La serpiente que se muerde la cola: convertidos en fenómeno de masas, llenaban estadios y se rompían la cabeza contra el problema del sonido. Según recuerda Lesh, la solución para cualquier problema pasaba por invertir más dinero. Así consiguieron los equipos de amplificación más complejos y delicados del mundo, sin llegar nunca a sentirse plenamente satisfechos.
Al final, se convirtieron en lo que odiaban: un puñado de músicos aislados, atrincherados en la zona de camerinos contra el resto del grupo y las exigencias de la tribu. Para su frustración, los deadheads terminaron cobijando una minoría levantisca, desinteresada por la música: seguían a los Grateful Dead pero no entraban en los conciertos, simplemente alimentaban un mercadillo de materiales ilegales que, inevitablemente, generaba conflictos de orden público.
Todavía pasma la lucidez de su cabecilla, el cantante y guitarrista Jerry García. El gallego entendía perfectamente que habían confundido un medio -la necesidad legal de funcionar como un ente corporativo- con un fin: "No debemos dejar que nos defina lo que es una ficción de conveniencia, dictada desde fuera".

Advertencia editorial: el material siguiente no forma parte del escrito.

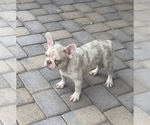 Small Photo #1 French Bulldog Puppy For Sale in LAS VEGAS, NV, USA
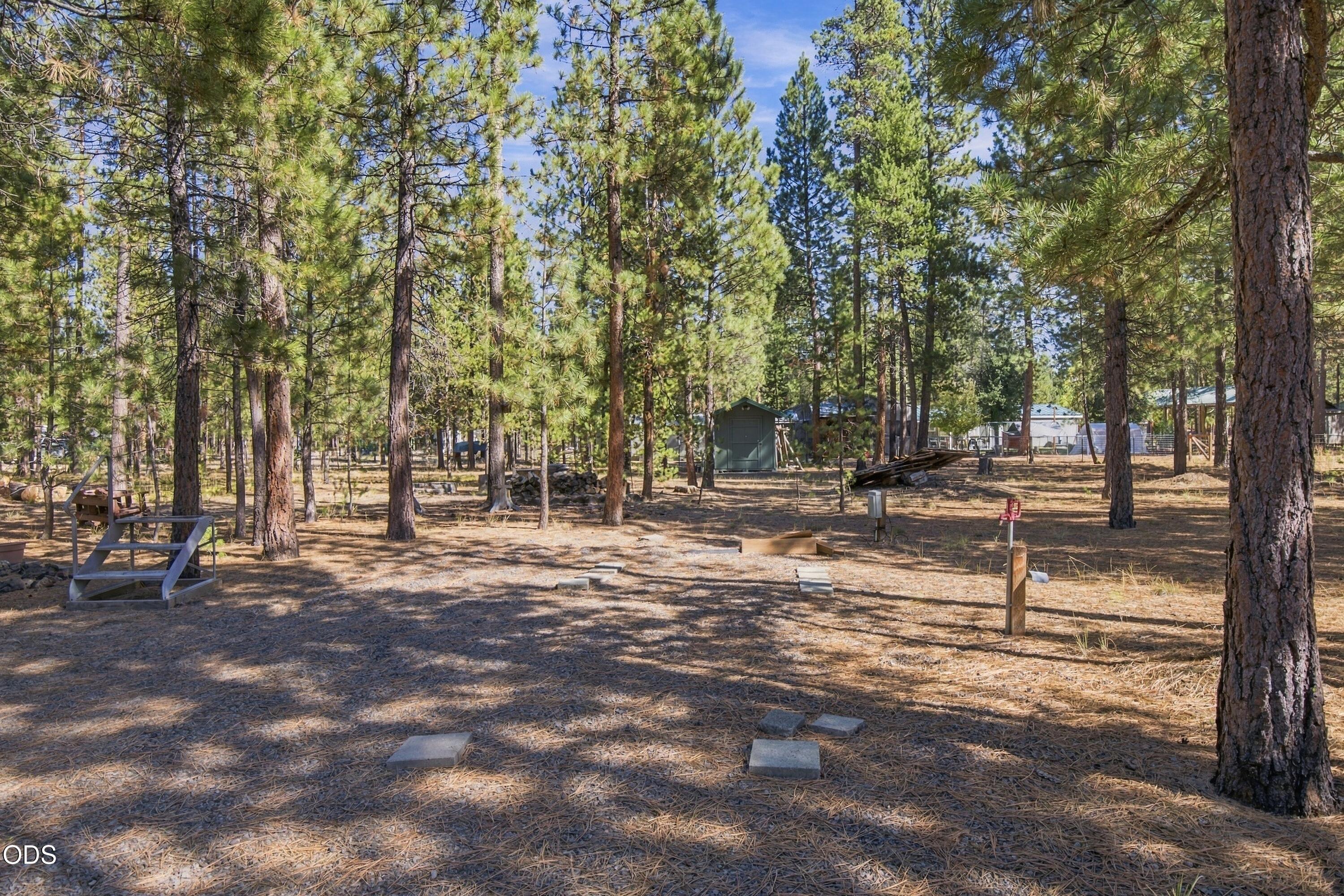 50874 Deer Forest Drive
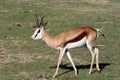 Thompson gazelle walking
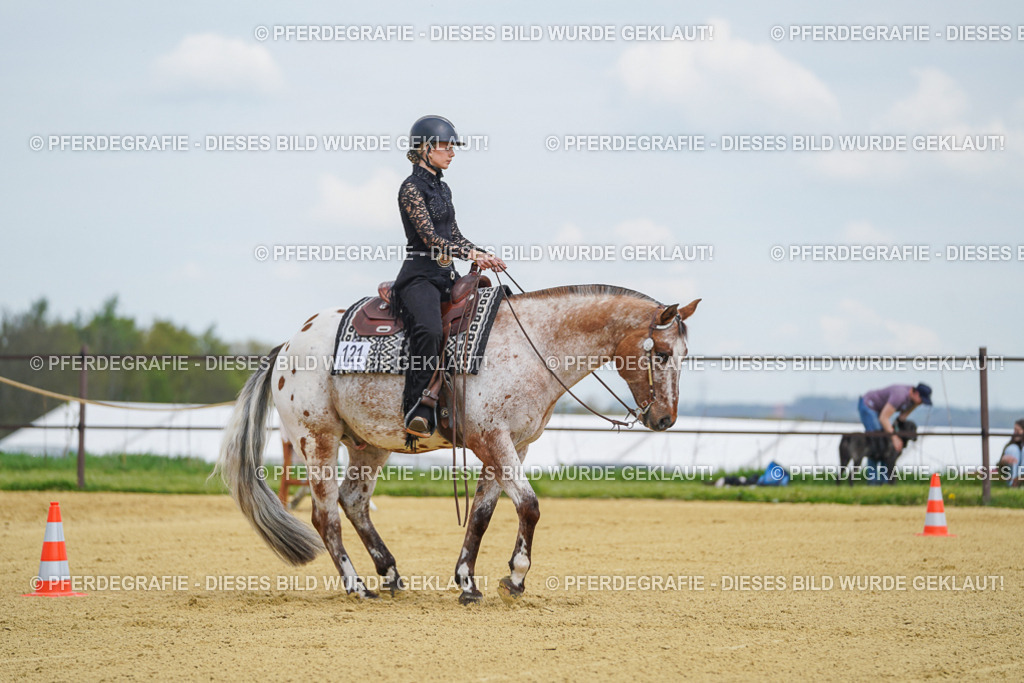 DSC05650 | Pferdegrafie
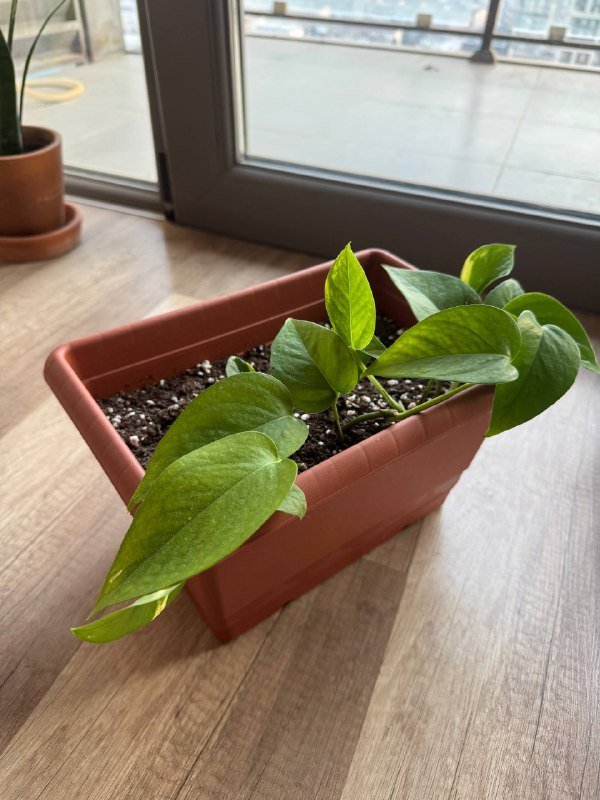 Цветок растение 2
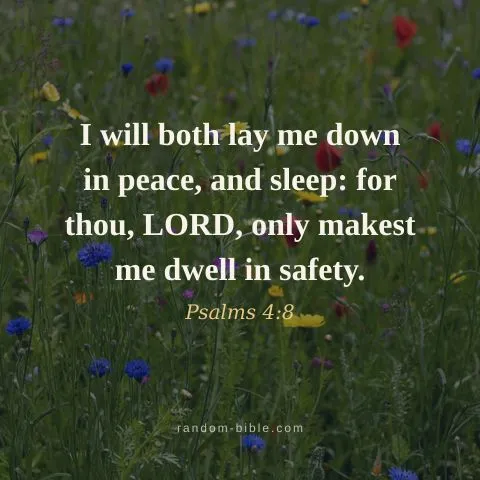 I will both lay me down in peace, and sleep: for thou, LORD, only makest me dwell in safety. — Psalms 4:8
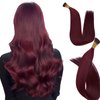 MioYio I Tip Hair Extensions Human Hair 50G/Pack Virgin Hair Itip Human Hair Extensions #99J Wine Red Pre Bonded I Tip Real Hair Extensions Long Straight Burgundy 22Inch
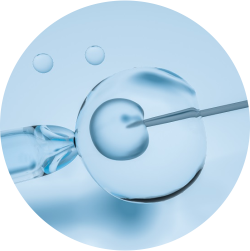 Intracytoplasmic Morphologically selected Sperm Injection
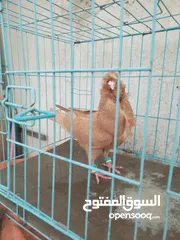  1 جوزين مخاليف جوز  كشكي اصفر وجوز مسكي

Sin embargo, fueron derrotados. Aquella risueña banda de psiconautas, siempre prestos para la expansión mental, se atascó en los pozos del alcohol, la cocaína, la heroína. Para cuando todo acabó, cuando falleció García, durante el verano de 1995, ya habían muerto prematuramente tres de sus teclistas: Pigpen, Keith Godchaux, Brent Mydland. No les venció el potro desbocado del negocio, sino el hedonista estilo de vida del rock. Una conclusión más desmoralizante que moralista.